Las Malvinas asesinas



Entre la medianoche del 1º de abril y el 14 de junio de 1982 la República Argentina libró una contienda armada con el Reino Unido de la Gran Bretaña. Aunque ninguno de los dos gobiernos declaró formalmente la guerra, ésta se libró intensamente con el empleo de elementos importantes de las fuerzas de aire, mar y tierra de los dos países, en el escenario geográfico de los archipiélagos en disputa -las islas Malvinas, Georgias y Sandwich del Sur-, aunque el escenario casi exclusivo de las operaciones fue el primero de ellos, su espacio aéreo y los mares vecinos. El conflicto tuvo amplias implicancias mundiales y, además de las muy sensibles pérdidas de vidas humanas y de recursos materiales, tuvo consecuencias de todo tipo. Los antecedentes históricos han sido reseñados en páginas anteriores. El acuerdo de comunicaciones de 1971 había abierto una instancia nueva en el marco de un mundo en el que el colonialismo tradicional parecía pasado de moda. Sin embargo, para 1981 las negociaciones se habían estancado hacia varios años. Las investigaciones
sobre el tema indican que desde fines de ese año la cúpula militar, en el marco de la transición Viola, Galtieri, reflotó antiguos planes de origen naval.

El nuevo presidente hizo cuestión central de su gobierno la recuperación de las islas con lo que, de haber tenido éxito en cumplir un viejo anhelo nacional, hubiera "quitado todas las banderas" a los políticos, diría luego. Era una manera de ganar espacio elevando una causa fuertemente arraigada en el sentir popular. De haber tenido éxito, el Proceso pudo obtener una salida concertada, tal vez con el mismo Galtieri al frente. (Entre otras cosas, pudo suponerse, un éxito en una "guerra limpia" -?- blanquearía las secuelas de la "guerra sucia".) A fines de febrero de 1982 tuvo lugar una nueva ronda de negociaciones entre los delegados argentinos (que no estaban al tanto de los plazos perentorios para obtener resultados positivos que se fijaba la Junta Militar) y del Reino Unido. La
cancillería argentina desautorizó el tono cordial del comunicado conjunto y señaló que el país se reservaba el derecho "de elegir libremente el procedimiento que mejor consulte a sus intereses". Un muy reducido grupo de altos oficiales había sido secretamente encomendado por la junta para preparar planes de ocupación de las islas si no se lograba en las negociaciones un resultado rápido y
concreto. Para el gobierno conservador de Margaret Thatcher, en tanto, la cuestión de las "islas Falkland" era un asunto totalmente secundario.
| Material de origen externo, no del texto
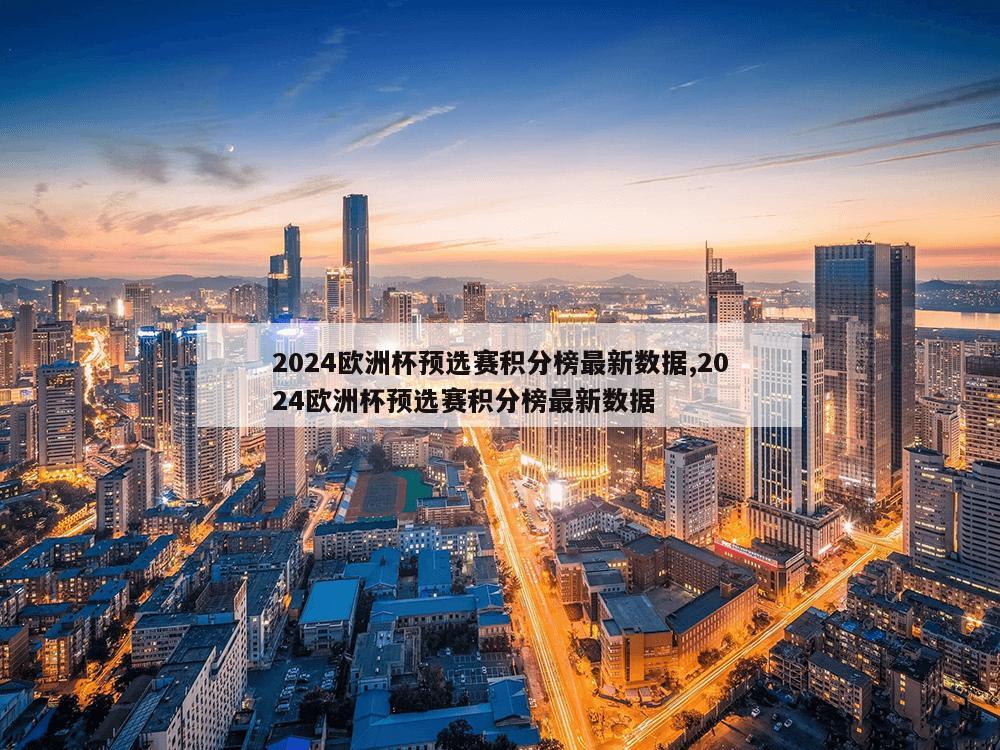 2024欧洲杯预选赛积分榜最新数据,2024欧洲杯预选赛积分榜最新数据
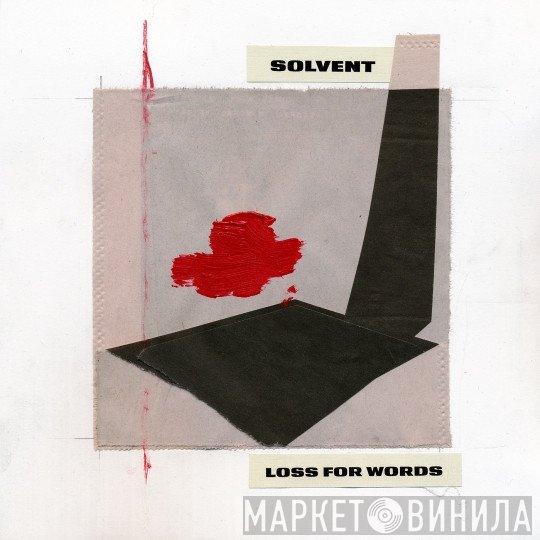 Solvent  - Loss For Words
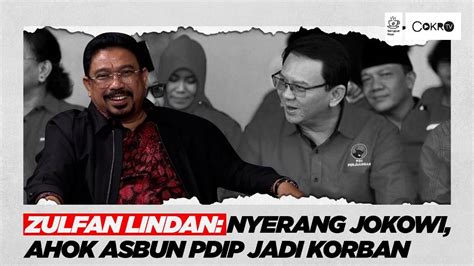 Zulfan Lindan AHOK ASBUN NYERANG JOKOWI PDIP JADI KORBAN Seruput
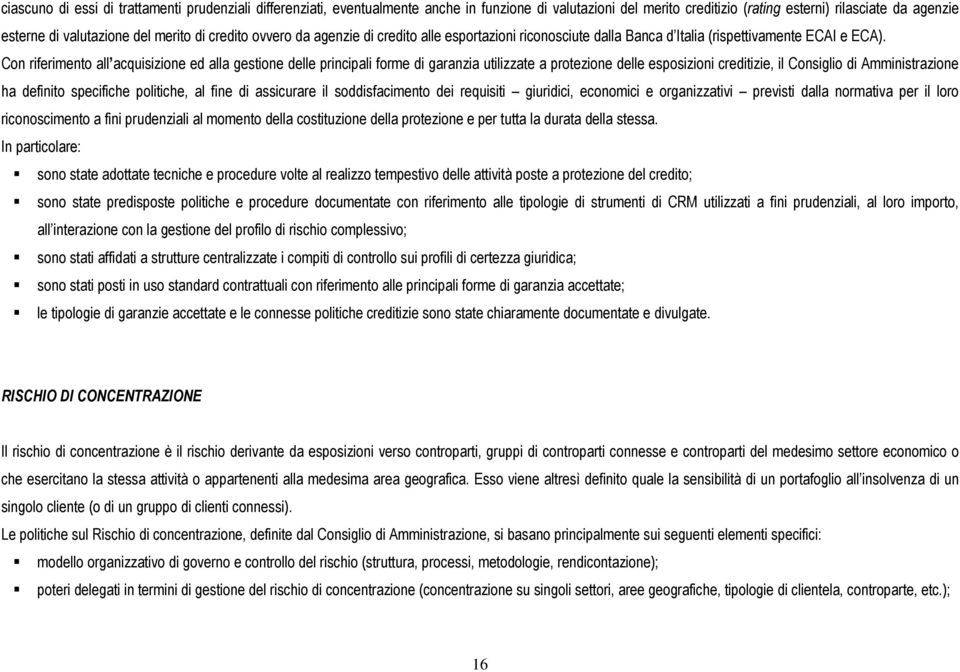 Con riferimento all acquisizione ed alla gestione delle principali forme di garanzia utilizzate a protezione delle esposizioni creditizie, il Consiglio di Amministrazione ha definito specifiche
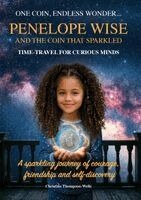 Christine Thompson-Wells - Penelope Wise & The Coin That Sparkled, Häftad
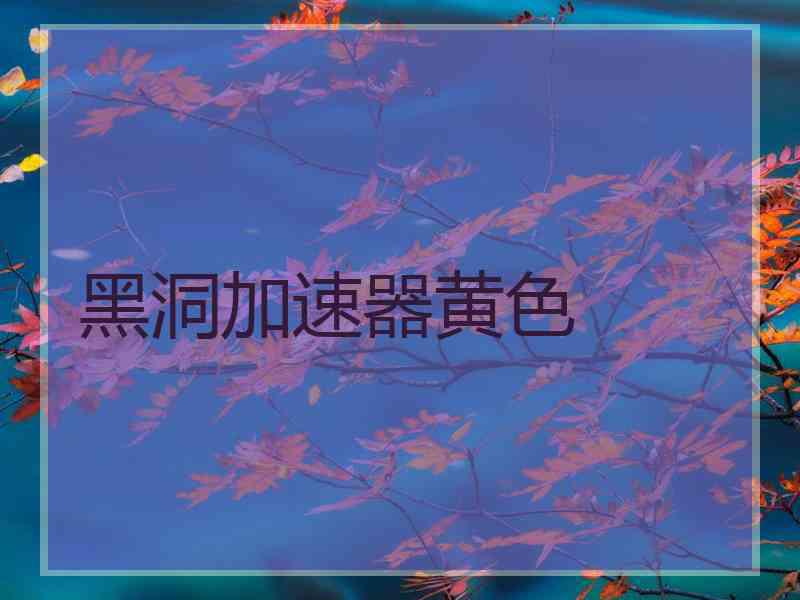 黑洞加速器黄色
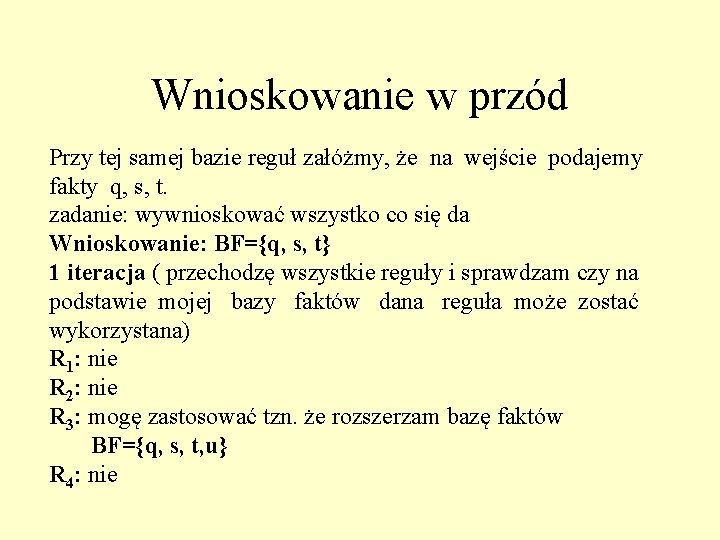 Wnioskowanie w przód Przy tej samej bazie reguł załóżmy, że na wejście podajemy fakty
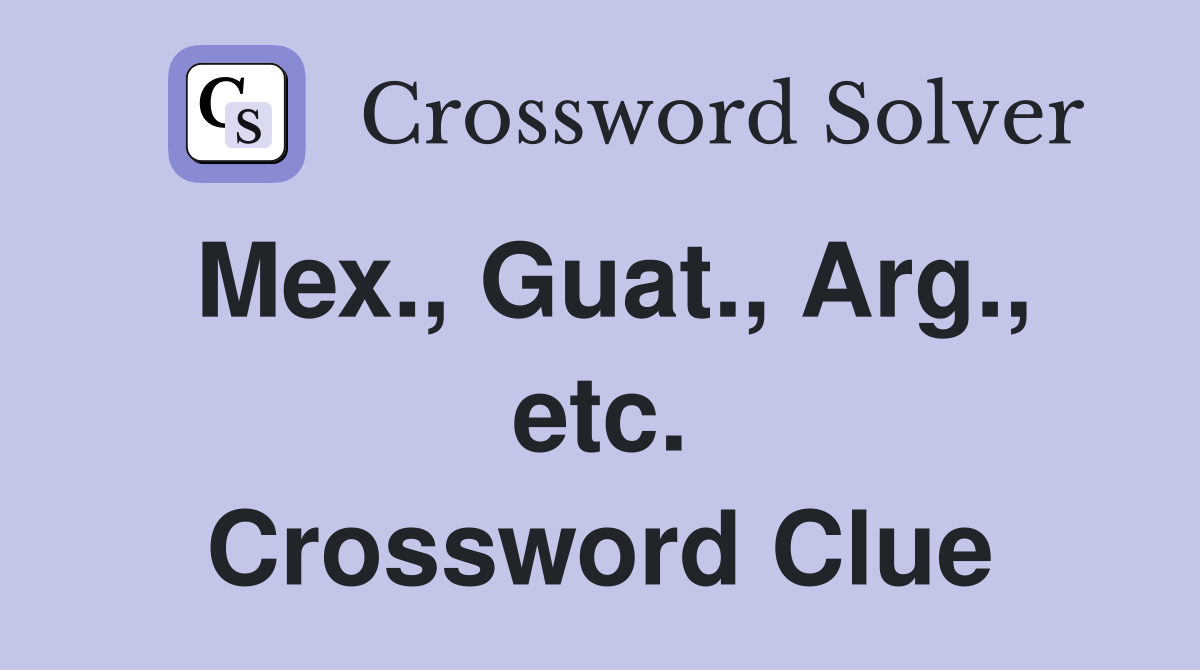 Mex., Guat., Arg., etc. Crossword Clue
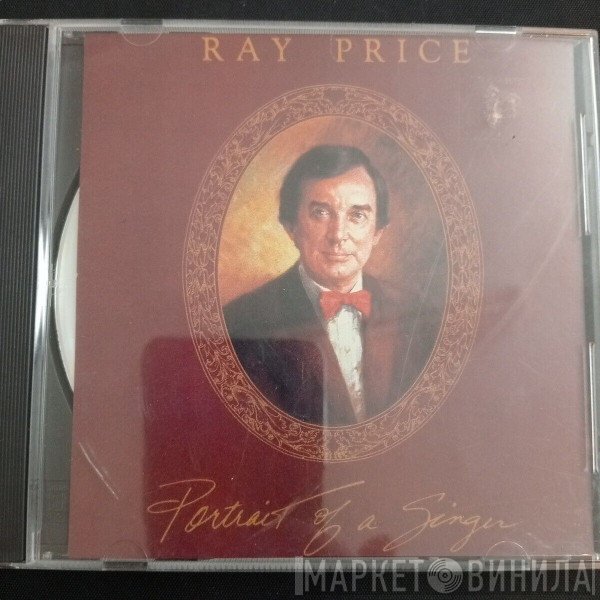 Ray Price  - Portrait Of A Singer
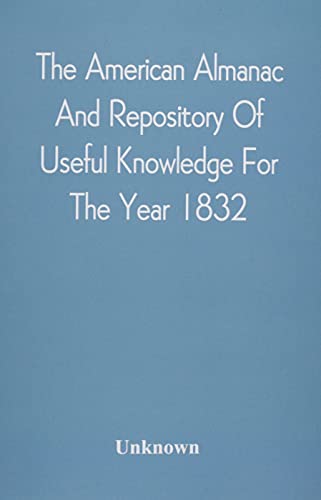 Stock image for The American Almanac And Repository Of Useful Knowledge For The Year 1832 for sale by PBShop.store US
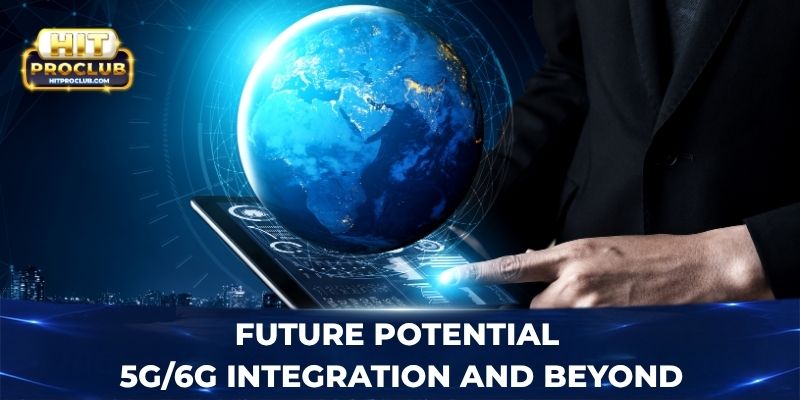 Future potential - 5G/6G integration and beyond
En marzo una operación de un empresario argentino para el desguace de instalaciones balleneras en las Georgias -acción autorizada en principio por los británicos pero ligada probablemente a una operación secreta de la Armada argentina- generó una serie de incidentes que aceleró la escalada. Entonces la junta aceleró la operación militar prevista inicialmente para mayo o julio. Subestimó totalmente la posible reacción británica y evaluó en forma totalmente equivocada -casi ingenua- los reales intereses de los Estados Unidos, sobreestimando el valor de sus relaciones con el gobierno de Reagan. Londres, por su parte, parece haber subestimado la probabilidad de una acción militar argentina hasta que fue demasiado tarde.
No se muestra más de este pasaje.